I think I am going to plan on doing a ten gallon QT, even though room in my condo is getting hard to find, it seems like the righ thing to do. I imagine the UV Steralizer and the Skimmer probably don't replace the need for a QT tank? Also, should I put the UV steralizer on the QT tank or on the main tank? If I was only going to get one, either the steralizer or the Skimmer, what would the way to go be. Also, if you guys could plese direct me on how to setup this QT tank. That'd be great.


----------



## gdwb10101 (Apr 14, 2006)

Trust me, QT is the best course of action.

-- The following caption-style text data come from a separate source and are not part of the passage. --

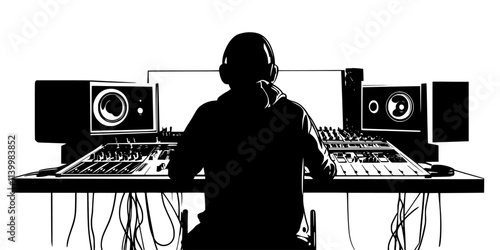 Individual adjusting audio levels during a session while recording hip-hop music, Vectorized Art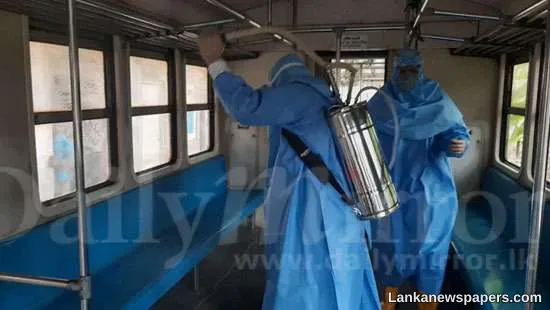 Railways sterilizes train compartments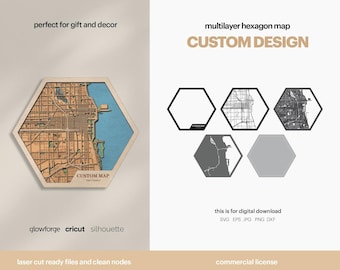 Custom Hexagon Topographic City Map: Laser Cut 3D Wooden Art (Digital Download)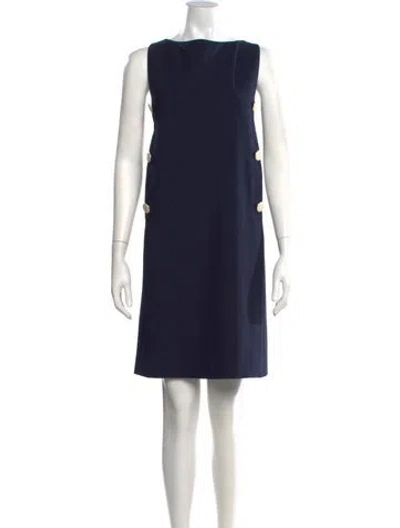Pre-owned Tory Burch Bateau Neckline Knee-length Dress W/ Tags In Blue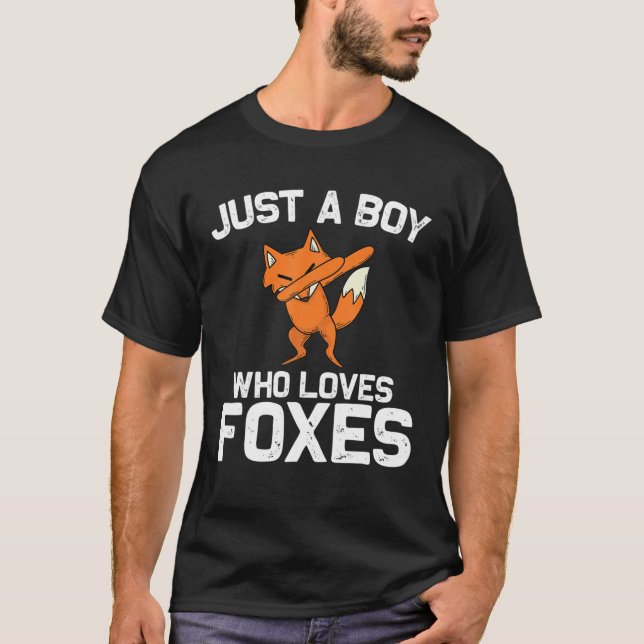 Cool Fox For Boys Kids Dabbing Red Swift Fennec An T-Shirt (Front)
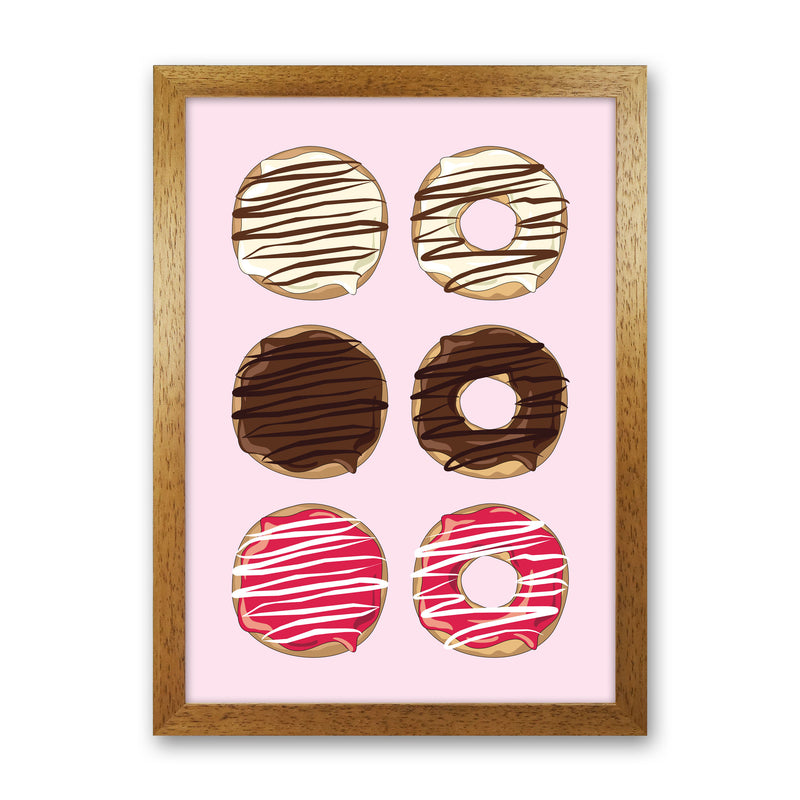 Donuts Pink Modern Print, Framed Kitchen Wall Art Oak Grain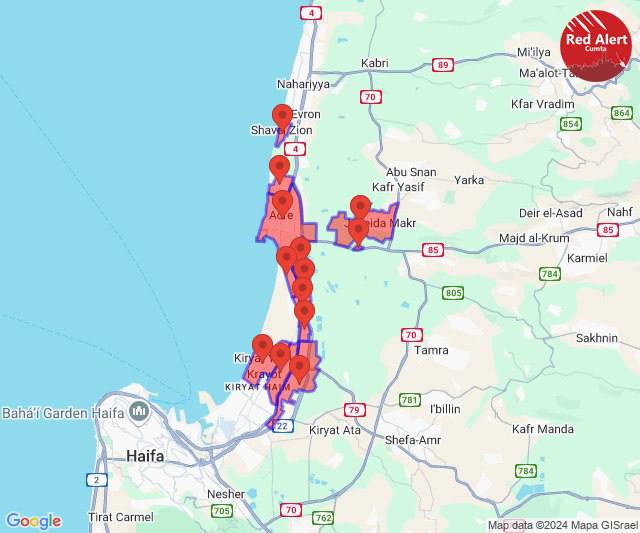 Rocket alert sirens across the Haifa Bay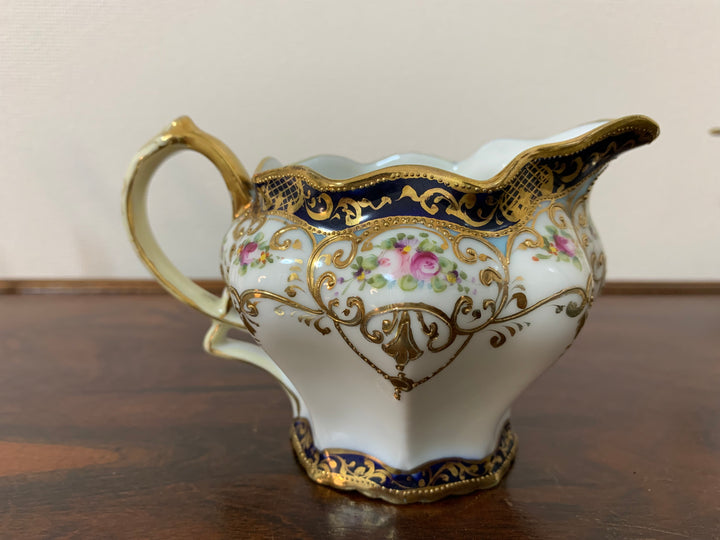 オールドノリタケ　ピンクローズとコバルト金彩お一人様ティーセット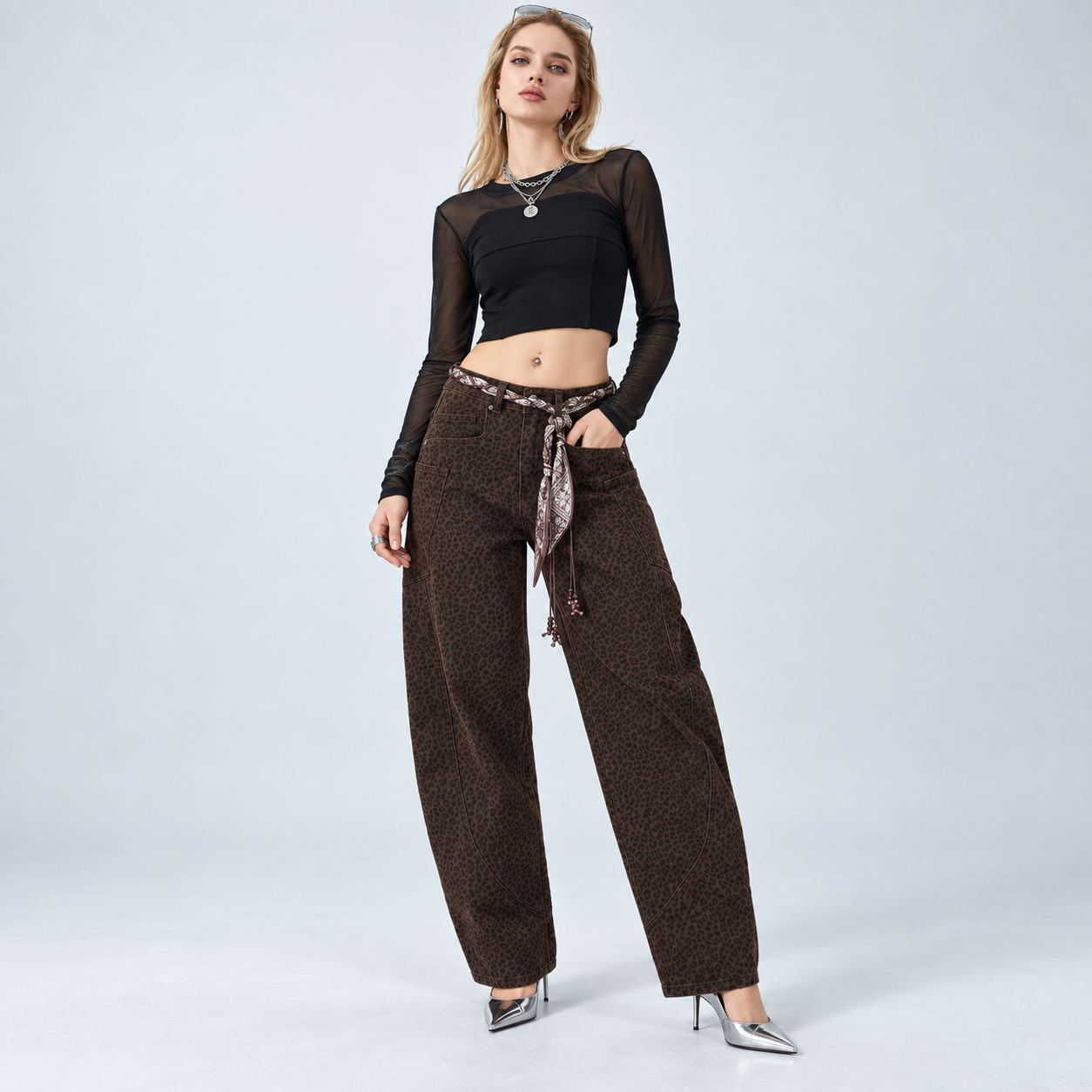 Angel Shopping Γυναικείο Τζιν Παντελόνι Wide Leg με Λεοπάρ Σχέδιο και Ζώνη Καφέ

I was one who made the mistake of no QT and will never do so again


----------



## Fishfirst (Jan 24, 2005)

the UV sterilizer can be put on either the qt or the main tank... I would put it on the qt. Basically it would erradicate most parasites that are on the fish with a series of freshwater/methaline blue baths, and that honkin sterilizer on that small of a tank.


----------



## leveldrummer (May 27, 2005)

and after you get stocked up to where your happy, you can always move it over to your main tank when your done!


----------



## steviep1982 (Apr 24, 2006)

*QT tank*

I'll probably get the Steralizer for the 10 gallon qt, so I have to cycle the damn CT tank too huh?...lol...Also I read i'll just put water from the main tank into the qt...and some of the substrate too...i can just buy a small filter for the 10 gallon..it's probably wellw orth the money.


----------



## TheOldSalt (Jan 28, 2005)

Worth every penny.


----------



## leveldrummer (May 27, 2005)

you dont need the substrate. just have bare bottom, easier to clean too, put some pvc or other plastic decorations in it so the fish have somewhere to hide.


----------



## Fishfirst (Jan 24, 2005)

exactly what level said... its better with bare bottom, meds don't get soaked up by porus crushed coral making it easier to dose.


----------